Wednesday, February 18, 2009

New life for 'Pi' with Ang Lee


By Sarah Sluis

Ang Lee, director of action and romance, will take a crack at developing Life of Pi, a book acquired back in its bestseller days and subsequently developed into a couple of screenplays. Fox 2000 has Life of pi

never gotten the project off the ground. The property is a challenge: it involves a Sixth Sense-type realignment in the last pages of the book, but doesn't commit to the change, leaving the ending open in a way that Hollywood would usually close.

Not surprisingly, M. Night Shyamalan himself has written a screenplay for the work, along with Dean Georgaris (The Manchurian Candidate, What Happens in Vegas). Whether the project moves beyond talks will probably depend on the director's take on the work (and what to do with that ending). Fox 2000, the rights holder, is currently looking for another writer to make a third go-around on the screenplay, tailoring it to Lee's vision.

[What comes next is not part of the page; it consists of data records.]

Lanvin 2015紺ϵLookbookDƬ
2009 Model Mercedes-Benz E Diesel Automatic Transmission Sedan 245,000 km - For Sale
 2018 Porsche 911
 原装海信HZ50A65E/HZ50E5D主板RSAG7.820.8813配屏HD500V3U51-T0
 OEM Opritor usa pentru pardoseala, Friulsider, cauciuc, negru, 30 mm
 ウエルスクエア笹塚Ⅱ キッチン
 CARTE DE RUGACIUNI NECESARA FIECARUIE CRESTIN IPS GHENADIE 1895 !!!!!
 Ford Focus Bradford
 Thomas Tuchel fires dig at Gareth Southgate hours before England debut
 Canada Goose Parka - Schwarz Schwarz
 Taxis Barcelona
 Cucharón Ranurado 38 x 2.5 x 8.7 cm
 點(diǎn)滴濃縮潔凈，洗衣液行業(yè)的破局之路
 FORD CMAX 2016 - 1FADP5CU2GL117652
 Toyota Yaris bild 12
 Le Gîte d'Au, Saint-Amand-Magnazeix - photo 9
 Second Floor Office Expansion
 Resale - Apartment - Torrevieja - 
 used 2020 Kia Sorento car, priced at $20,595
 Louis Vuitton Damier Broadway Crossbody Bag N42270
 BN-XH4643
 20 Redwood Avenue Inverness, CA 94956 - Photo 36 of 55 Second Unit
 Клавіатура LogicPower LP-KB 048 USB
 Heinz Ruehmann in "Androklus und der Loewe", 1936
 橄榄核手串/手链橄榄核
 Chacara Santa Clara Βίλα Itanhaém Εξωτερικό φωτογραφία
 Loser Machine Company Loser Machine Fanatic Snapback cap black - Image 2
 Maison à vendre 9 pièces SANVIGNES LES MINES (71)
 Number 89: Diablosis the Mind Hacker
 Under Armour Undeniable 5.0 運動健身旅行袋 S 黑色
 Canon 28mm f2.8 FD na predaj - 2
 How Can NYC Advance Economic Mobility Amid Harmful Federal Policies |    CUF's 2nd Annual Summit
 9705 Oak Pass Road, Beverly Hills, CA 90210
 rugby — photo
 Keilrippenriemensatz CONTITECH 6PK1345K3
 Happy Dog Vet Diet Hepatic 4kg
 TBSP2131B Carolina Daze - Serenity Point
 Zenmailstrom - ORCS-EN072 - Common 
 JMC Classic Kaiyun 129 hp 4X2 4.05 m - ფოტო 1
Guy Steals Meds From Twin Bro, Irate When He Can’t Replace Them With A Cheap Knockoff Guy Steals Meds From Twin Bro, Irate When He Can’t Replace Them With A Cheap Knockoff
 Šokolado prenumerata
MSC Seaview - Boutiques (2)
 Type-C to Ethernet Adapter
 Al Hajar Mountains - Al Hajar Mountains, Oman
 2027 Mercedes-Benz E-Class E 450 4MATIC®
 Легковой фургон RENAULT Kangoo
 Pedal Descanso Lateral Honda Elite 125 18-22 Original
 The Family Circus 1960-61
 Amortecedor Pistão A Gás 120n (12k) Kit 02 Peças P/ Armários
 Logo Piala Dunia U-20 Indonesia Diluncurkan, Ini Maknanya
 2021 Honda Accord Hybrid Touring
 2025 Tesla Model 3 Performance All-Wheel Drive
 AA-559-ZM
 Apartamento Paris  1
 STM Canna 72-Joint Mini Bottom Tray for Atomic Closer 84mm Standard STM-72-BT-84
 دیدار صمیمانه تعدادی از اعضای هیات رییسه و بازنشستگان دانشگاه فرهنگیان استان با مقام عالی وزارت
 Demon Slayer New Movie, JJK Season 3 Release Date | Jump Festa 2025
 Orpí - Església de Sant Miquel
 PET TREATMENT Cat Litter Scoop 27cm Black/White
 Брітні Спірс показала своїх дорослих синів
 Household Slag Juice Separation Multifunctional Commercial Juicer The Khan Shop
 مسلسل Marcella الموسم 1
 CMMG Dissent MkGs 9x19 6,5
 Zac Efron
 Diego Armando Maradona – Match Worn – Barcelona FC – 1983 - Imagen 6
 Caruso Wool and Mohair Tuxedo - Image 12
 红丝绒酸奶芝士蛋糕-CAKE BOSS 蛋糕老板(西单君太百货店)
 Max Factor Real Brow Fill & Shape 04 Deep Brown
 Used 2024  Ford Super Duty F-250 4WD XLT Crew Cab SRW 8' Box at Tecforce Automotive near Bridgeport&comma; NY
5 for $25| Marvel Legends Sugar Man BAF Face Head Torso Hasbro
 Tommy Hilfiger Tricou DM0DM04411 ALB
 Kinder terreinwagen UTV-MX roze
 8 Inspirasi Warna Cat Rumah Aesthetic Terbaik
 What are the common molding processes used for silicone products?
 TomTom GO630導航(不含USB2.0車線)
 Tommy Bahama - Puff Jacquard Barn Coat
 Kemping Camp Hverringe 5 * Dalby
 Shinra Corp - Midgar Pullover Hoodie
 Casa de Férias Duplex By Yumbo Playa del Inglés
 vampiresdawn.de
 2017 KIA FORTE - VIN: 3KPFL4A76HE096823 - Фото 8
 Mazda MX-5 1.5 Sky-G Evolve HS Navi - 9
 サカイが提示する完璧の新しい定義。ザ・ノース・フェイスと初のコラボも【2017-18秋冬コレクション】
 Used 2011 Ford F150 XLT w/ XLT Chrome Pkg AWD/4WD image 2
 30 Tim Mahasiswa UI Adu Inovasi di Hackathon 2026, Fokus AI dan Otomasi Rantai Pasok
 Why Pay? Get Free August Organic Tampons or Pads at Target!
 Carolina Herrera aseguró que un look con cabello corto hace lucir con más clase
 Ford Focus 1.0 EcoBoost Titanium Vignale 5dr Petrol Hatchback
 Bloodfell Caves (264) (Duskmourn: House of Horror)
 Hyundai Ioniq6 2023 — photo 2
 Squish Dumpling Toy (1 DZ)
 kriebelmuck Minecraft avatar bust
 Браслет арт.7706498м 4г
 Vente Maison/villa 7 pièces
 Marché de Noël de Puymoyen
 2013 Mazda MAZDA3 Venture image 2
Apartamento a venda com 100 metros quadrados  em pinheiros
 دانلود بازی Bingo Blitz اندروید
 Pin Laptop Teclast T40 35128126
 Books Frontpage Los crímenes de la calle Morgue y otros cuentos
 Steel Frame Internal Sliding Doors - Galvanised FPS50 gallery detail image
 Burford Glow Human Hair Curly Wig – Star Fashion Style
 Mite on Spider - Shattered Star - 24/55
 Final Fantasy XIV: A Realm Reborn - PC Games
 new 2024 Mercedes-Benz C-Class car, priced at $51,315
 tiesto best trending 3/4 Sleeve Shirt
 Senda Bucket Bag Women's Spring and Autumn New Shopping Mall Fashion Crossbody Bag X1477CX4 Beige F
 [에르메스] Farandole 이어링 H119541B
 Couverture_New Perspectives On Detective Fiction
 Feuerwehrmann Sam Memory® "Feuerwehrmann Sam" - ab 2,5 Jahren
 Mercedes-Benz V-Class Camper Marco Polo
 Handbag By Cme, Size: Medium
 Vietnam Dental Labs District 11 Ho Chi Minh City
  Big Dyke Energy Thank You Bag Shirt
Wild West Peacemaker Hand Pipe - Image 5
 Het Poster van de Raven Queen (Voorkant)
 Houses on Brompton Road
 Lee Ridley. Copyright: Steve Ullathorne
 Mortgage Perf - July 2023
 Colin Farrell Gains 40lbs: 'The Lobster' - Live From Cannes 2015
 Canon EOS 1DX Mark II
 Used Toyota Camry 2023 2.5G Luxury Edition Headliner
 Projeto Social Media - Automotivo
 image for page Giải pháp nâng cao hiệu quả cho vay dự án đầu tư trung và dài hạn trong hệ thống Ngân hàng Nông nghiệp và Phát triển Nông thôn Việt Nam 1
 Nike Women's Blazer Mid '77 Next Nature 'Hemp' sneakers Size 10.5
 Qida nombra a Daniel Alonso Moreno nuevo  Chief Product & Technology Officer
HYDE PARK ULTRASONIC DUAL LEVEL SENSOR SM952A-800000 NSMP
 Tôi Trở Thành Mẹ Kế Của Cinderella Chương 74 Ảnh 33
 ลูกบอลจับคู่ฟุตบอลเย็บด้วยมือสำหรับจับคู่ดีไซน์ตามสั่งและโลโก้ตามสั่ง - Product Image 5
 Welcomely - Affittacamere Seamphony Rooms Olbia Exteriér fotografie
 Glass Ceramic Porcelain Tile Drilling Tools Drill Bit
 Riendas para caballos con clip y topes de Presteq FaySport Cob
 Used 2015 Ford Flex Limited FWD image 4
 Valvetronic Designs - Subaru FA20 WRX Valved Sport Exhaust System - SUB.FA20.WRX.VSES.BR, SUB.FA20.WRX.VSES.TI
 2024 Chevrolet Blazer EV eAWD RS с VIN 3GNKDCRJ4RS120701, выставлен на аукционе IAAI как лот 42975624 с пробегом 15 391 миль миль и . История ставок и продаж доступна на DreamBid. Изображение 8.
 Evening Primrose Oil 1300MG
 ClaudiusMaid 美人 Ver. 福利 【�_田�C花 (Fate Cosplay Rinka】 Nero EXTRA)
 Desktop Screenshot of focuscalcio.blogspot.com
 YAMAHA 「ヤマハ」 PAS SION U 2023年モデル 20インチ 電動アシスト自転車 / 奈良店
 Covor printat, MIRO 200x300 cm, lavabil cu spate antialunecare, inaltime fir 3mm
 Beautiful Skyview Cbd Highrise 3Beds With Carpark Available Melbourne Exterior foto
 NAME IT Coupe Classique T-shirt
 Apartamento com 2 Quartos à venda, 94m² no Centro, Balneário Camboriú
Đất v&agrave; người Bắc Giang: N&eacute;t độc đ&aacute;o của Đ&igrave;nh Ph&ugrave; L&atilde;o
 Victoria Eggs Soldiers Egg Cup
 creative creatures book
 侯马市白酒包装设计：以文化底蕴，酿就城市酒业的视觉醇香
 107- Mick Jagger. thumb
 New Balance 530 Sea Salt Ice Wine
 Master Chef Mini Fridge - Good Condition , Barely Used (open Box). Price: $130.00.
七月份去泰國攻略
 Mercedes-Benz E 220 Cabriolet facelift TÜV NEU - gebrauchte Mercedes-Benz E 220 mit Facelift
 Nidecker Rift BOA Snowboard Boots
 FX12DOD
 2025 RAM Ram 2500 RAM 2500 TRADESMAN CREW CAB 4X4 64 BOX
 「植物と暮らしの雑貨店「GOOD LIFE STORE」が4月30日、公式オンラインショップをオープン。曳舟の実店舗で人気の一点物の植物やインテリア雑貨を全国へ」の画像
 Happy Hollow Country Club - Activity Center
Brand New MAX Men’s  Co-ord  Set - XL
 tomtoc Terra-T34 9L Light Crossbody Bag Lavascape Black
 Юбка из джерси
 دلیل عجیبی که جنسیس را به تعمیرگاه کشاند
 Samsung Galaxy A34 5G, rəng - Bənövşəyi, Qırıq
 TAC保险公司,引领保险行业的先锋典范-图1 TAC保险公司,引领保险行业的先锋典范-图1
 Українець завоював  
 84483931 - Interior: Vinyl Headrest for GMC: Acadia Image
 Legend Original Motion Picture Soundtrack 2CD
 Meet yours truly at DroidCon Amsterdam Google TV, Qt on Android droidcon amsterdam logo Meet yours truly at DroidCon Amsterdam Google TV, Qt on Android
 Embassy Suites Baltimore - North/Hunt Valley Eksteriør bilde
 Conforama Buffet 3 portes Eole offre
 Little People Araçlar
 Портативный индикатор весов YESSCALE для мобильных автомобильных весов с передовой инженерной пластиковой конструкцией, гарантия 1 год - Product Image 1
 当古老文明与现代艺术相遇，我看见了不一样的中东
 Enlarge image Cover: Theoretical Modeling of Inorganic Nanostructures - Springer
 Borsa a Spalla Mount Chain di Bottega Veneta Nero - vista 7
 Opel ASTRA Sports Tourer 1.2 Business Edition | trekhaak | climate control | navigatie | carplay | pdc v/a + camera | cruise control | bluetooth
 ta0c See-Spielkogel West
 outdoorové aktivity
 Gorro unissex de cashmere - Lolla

The project poses an additional challenge beyond its twisty ending: animals. Most of the book takes place on a lifeboat (a third problem), where a boy is stranded with a zebra, hyena, orangutan, and tiger. Would Lee use real ones, or CGI creations? The boy also communicates with the animals--will they speak or will it be an internal thought?

There are certainly precedents for these types of dilemmas. Who can forget the monologues Tom Hanks conducted with a volleyball in Cast Away? Alfred Hitchcock set a whole movie on a lifeboat (and included a cameo of himself via a newspaper) in 1944's Lifeboat. There's also the countless dog, cat, and horse movies where you can sense the bond not only between the animals but also between the owner and the animal.

The most intriguing, and not immediately cinematic, part of Yann Martel's book is that all of our information comes from the boy, but he himself is not necessarily a reliable witness (thus the Sixth Sense comparison--although there we have the young boy present to give us clues that Bruce Willis is not as he seems). Just as I am curious to see the equally challenging adaptation of The Road this spring, I would love to see what Ang Lee could do with as introspective, animal-oriented a book as Life of Pi.